With the S&P 500 up about 0.7 percent today and having touched a new record high, it is not hard to find the laggards among sectors ETFs. There are a few funds tracking the oil and semiconductor sub-segments that are in the red, but those losses are not yet alarming.
The real cause for concern remains the materials sector. The Materials Select Sector SPDR XLB is down 0.54 percent today, and while that may not sound like much, remember that XLB was by far the worst performer of the nine sector SPDRs in the first quarter. XLB's first-quarter gain was not even half of what the SPDR S&P 500 SPY returned.
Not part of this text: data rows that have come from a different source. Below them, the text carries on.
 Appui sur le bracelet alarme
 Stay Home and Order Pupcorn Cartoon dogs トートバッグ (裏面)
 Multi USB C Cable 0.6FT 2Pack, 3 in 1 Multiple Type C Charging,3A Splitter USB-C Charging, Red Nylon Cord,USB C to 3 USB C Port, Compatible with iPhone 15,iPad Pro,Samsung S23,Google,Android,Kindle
Tuesday may be just one day, but the problem for XLB and other materials ETFs is that this far from the worst day this year these funds have been laggards. As lower beta sectors such as consumer staples and health care have lead the broader market higher, materials names have under-performed perhaps foreshadowing imminent declines.
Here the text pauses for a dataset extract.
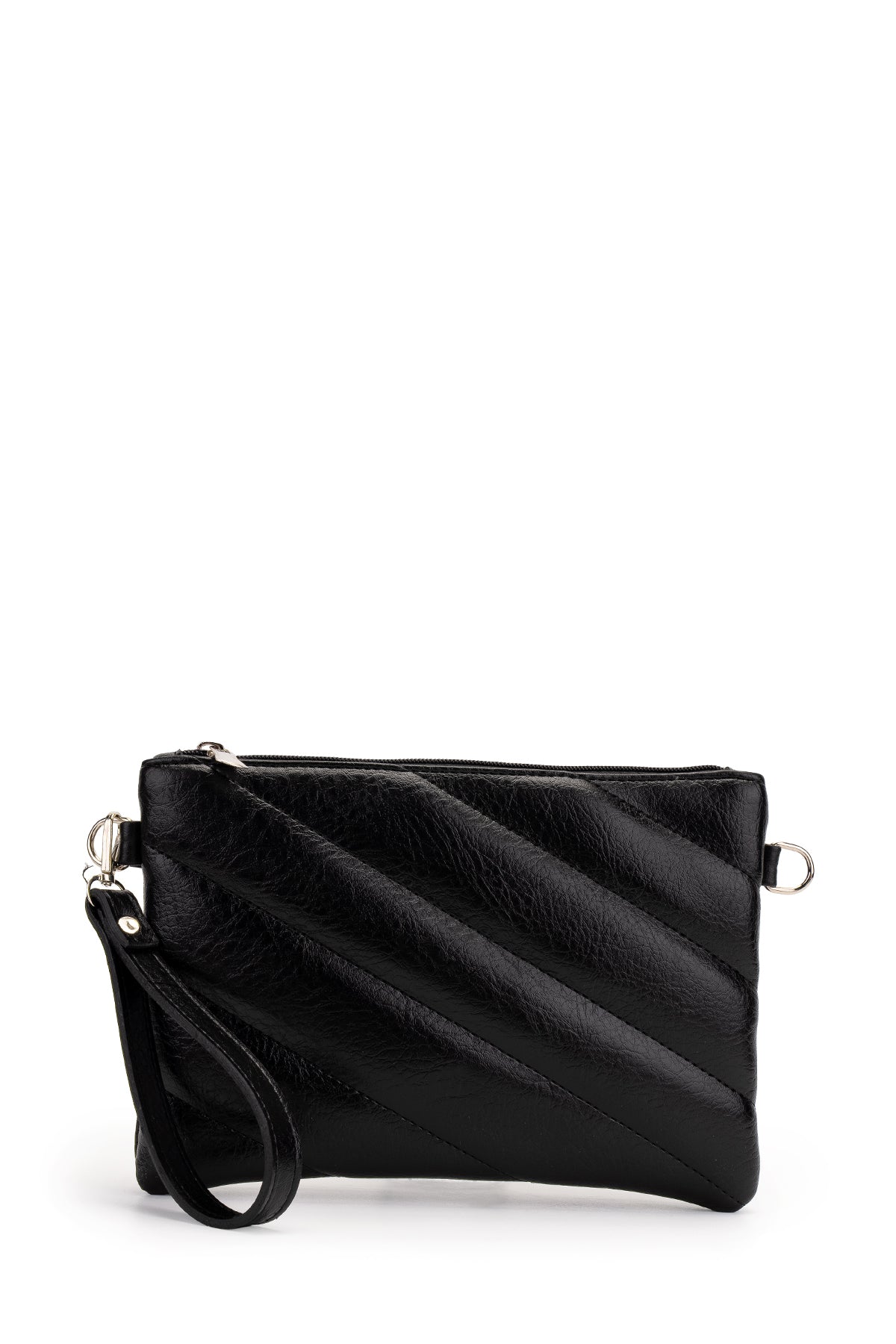 Şık Kapitone Dikişli Clutch Kadın Çapraz Çanta Monaco Siyah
XLB is not the only materials ETF offender, either. As Benzinga noted on Monday, the SPDR S&P Metals & Mining ETF XME is in serious technical trouble. That ETF is off another 1.5 percent today and has now lost more than 16.5 percent year-to-date.
With gold futures being hammered, the Market Vectors Gold Miners ETF GDX and the Market Vectors Junior Gold Miners ETF GDXJ are both off more than three percent. In further proof that traders hate gold mining stocks and reverse splits are a joke, the Direxion Daily Gold Miners 3X Bull Shares NUGT is down nearly 11 percent today, the ETF's first trading day after undergoing a four-for-one reverse split.
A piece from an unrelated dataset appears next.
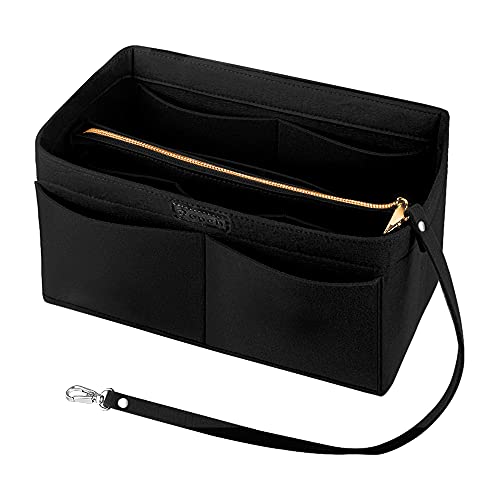 Ropch Handtaschen Organizer, Filz Taschenorganizer Bag in Bag Innentaschen Handtaschenordner mit Abnehmbare Reißverschluss-Tasche und Schlüsselkette (Schwarz, M)
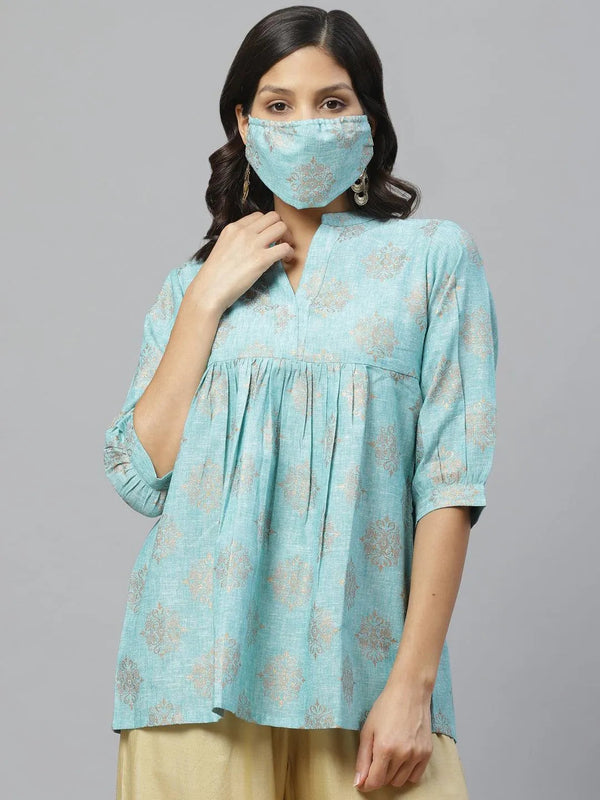 Blue Printed Cotton Kurti With Mask - Jashvi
There is more bad news. The iShares Dow Jones US Basic Materials Index Fund IYM is flirting with support in the $68.80 area. A break there probably takes the ETF back to $65-$66. If the Vanguard Materials ETF VAW cannot hold $87, it likely returns to $82.
Another way of illustrating the dark clouds hanging over materials ETFs right now is this. Look at a heat map of inverse ETFs and exclude the ones that are trading on a post-split basis today. The noteworthy, legitimate gainer is the ProShares UltraShort Basic Materials SMN, which is close to staging a breakout of its own.
SMN is not the largest nor is it the most heavily traded inverse ETF out there. However, it is up nearly one percent on a day when the S&P 500 hit a new record high and that is not a good sign for long materials ETFs.